I wish I could buy Obayashi stocks right now
[QUOTE=Mezzokoko;46053853]This seems like the kinda structure where you don't wanna have any kidnapped planes flying around :v:[/QUOTE] I don't have any numbers, but if we're talking carbon nanotubes here, then I'm fairly sure they will cut through the plane like a hot knife through butter. And I don't think anchoring structure is going to be any less resilient, since, you know, should something(like stray meteorite) sever the cable at the top, the entirety of cable is going to fall down, and that's a hell of a ballistic impact.

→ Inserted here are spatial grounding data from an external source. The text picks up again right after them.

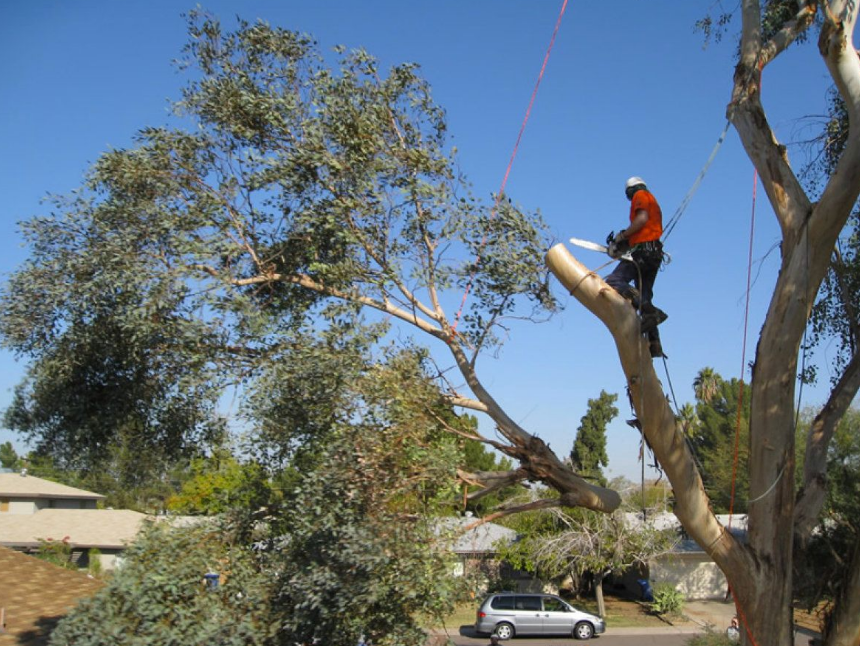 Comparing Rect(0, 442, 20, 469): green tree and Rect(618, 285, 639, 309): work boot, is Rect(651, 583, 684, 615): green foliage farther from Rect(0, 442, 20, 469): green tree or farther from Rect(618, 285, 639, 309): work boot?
Rect(0, 442, 20, 469): green tree

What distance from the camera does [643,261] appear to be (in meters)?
6.50

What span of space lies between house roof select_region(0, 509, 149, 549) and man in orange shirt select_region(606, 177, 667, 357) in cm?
2984

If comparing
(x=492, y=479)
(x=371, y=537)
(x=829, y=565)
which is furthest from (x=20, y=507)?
(x=829, y=565)

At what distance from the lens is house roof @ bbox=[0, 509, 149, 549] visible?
33.2 meters

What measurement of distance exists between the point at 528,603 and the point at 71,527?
66.7 feet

I hope I'm alive to see this come to fruition. Imagine being able to build ships in orbit that wouldn't be feasible to launch from the surface. Or large stations where people can live comfortably, with fairly easy trips back and forth from the surface. It's a great time to be alive.
[QUOTE=FunnyBunny;46053846]Sorry. I don't mean to be a buzzkill. It's just frustrating seeing post after post of people going "It can't be done because of <reason>". 90% of the time, had they done even the tiniest amount of research (like reading the wikipedia page), they would realize that they are wrong. [/QUOTE] On the contrary, I think the people who do the 'tiniest amount of research', like talking to actual engineers instead of reading optimistic speculation on Wikipedia, find that the core technologies needed to build a space elevator are largely theoretical and would require some major advances in research to be feasible- let alone practical, because so much of the science behind space elevators is conjecture, especially regarding vibration and gravitational fluctuations, not to mention requiring an enormous support network already in place to prevent something like one of the hundreds of thousands of sizable chunks of debris in equatorial orbit from wiping out a cable. When modern engineers call fifty years optimistic, that's not saying that the technology's all there, the details are worked out, and we just need to wait for some nebulous reason- it's saying that we have no idea how to solve this enormously complicated problem, but there's the possibility that some unforeseen technological development will make it feasible within that timeframe. There's a lot of misinformation about space elevators, but the idea that engineers have worked it all out already (as opposed to having theoretical, conditional, potential solutions) is every bit as false as the idea that it'll never be possible.
I hope they decide to build the first one in Mombasa.
[QUOTE=LMB10;46054678]That's cool and all... But would look fucking ugly.[/QUOTE] I agree, we should just scrap the entire project and fire everyone who thought of it, those morons, building a world wonder that looks [I]ugly[/I]. Unacceptable.
The fact that it'll make bringing up cargo into space much cheaper than it is currently outweighs how ugly it might be to some people imo, those people can shove it.